You turn on Sync'ing in the master catalog by  selecting to do so using the ▼ to the right of your identity plate in the Module Picker.

Does this clear things up for you?


----------



## stevevp (Dec 26, 2016)

Hi, thanks for your welcome and your reply.

Unfortunately, I don't think this does clear things up. I want to sync my pictures (and/or collections) from  Lightroom CC on my desktop to "Lightroom on the Web" (Learn to use Lightroom on the web) and not a mobile device. As an example, there is a publishing service which will do this for SmugMug but I cannot find a way to do this with Adobe's own Lightroom on the Web, only the manual drag and drop process mentioned in my earlier post.


----------



## Conrad Chavez (Dec 26, 2016)

stevevp said:


> Unfortunately, I don't think this does clear things up. I want to sync my pictures (and/or collections) from  Lightroom CC on my desktop to "Lightroom on the Web" (Learn to use Lightroom on the web) and not a mobile device. As an example, there is a publishing service which will do this for SmugMug but I cannot find a way to do this with Adobe's own Lightroom on the Web, only the manual drag and drop process mentioned in my earlier post.

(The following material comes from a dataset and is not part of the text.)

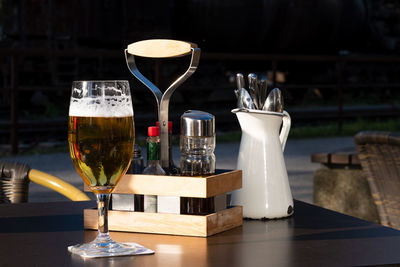 Close-up of wine glass on table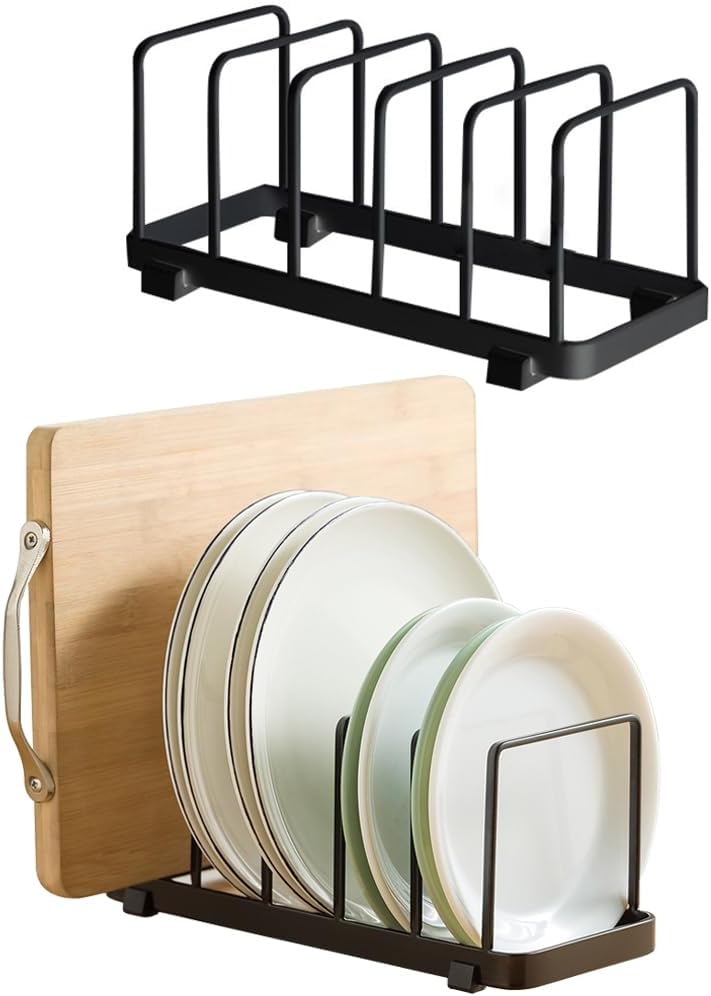 2 Pack Plate Home Accented Storage Rack, Plate Holders Organizer, Metal Dish Storage Dying Display Rack for Cabinet, Counter and Cupboard, Black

There isn't a publishing service because it doesn't work the same way, so you don't need one. A publishing service creates exported versions of the Lightroom images that conform to the requirements of an outside destination like Smugmug, which needs compressed JPEGs for example.

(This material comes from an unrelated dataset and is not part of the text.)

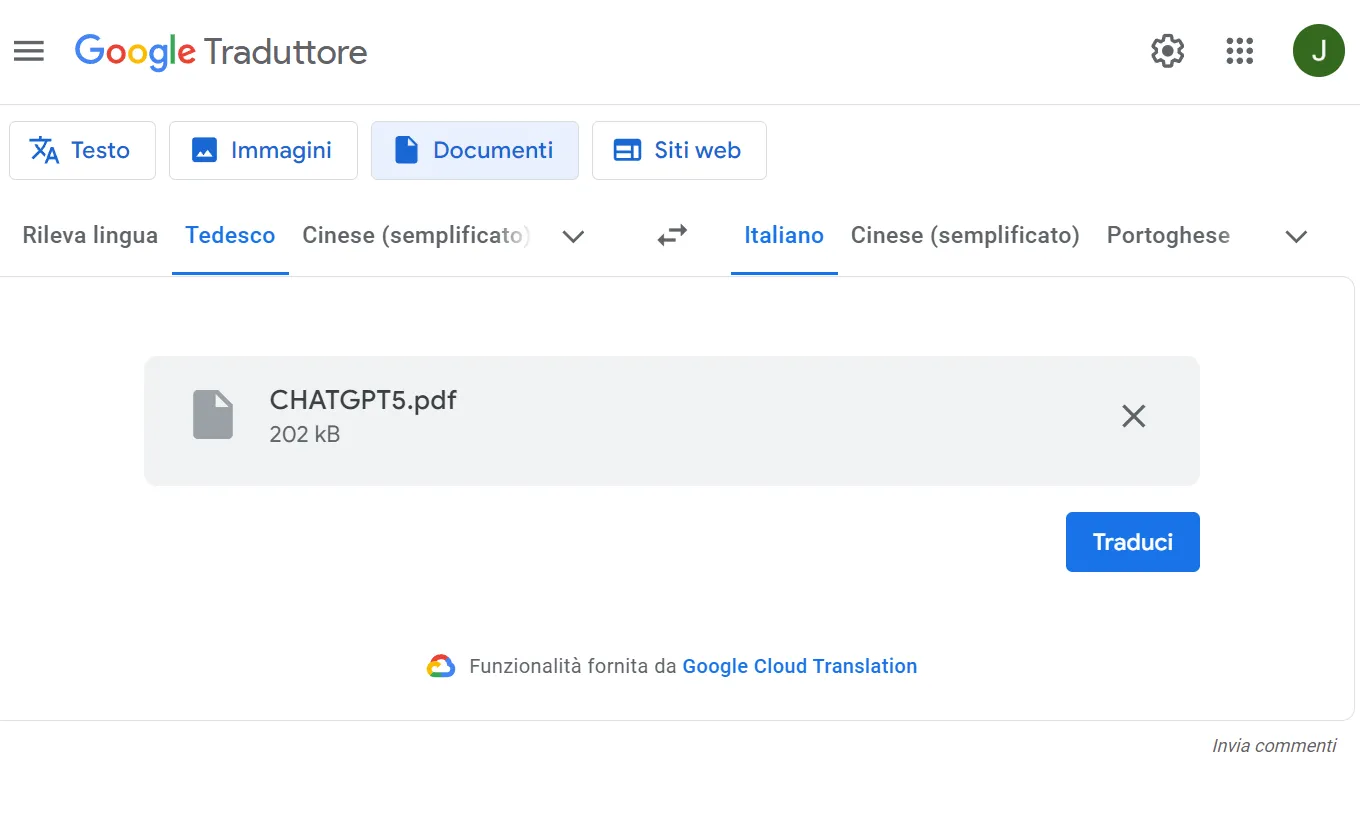 Tradurre PDF dal tedesco all'italiano online tramite Google Traduttore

But since Lightroom cloud storage is not an "outside" service, they don't need to be exported. When you enable cloud sync for a collection as clee01l showed, Lightroom starts uploading Smart Previews of those images to Lightroom cloud storage. The reason is that Smart Previews are very compact DNG raw versions of the images so you can edit with raw quality from Lightroom Web or a mobile device, and have those changes sync back to your desktop (two-way compatible). Publish Services only go one way, outbound.

So to answer your question, if all you do is flip on that sync switch for a collection, the images will then become accessible and editable with Lightroom Web in a web browser. That is all you have to do...no Publish Service setup required, just that one click on the sync icon.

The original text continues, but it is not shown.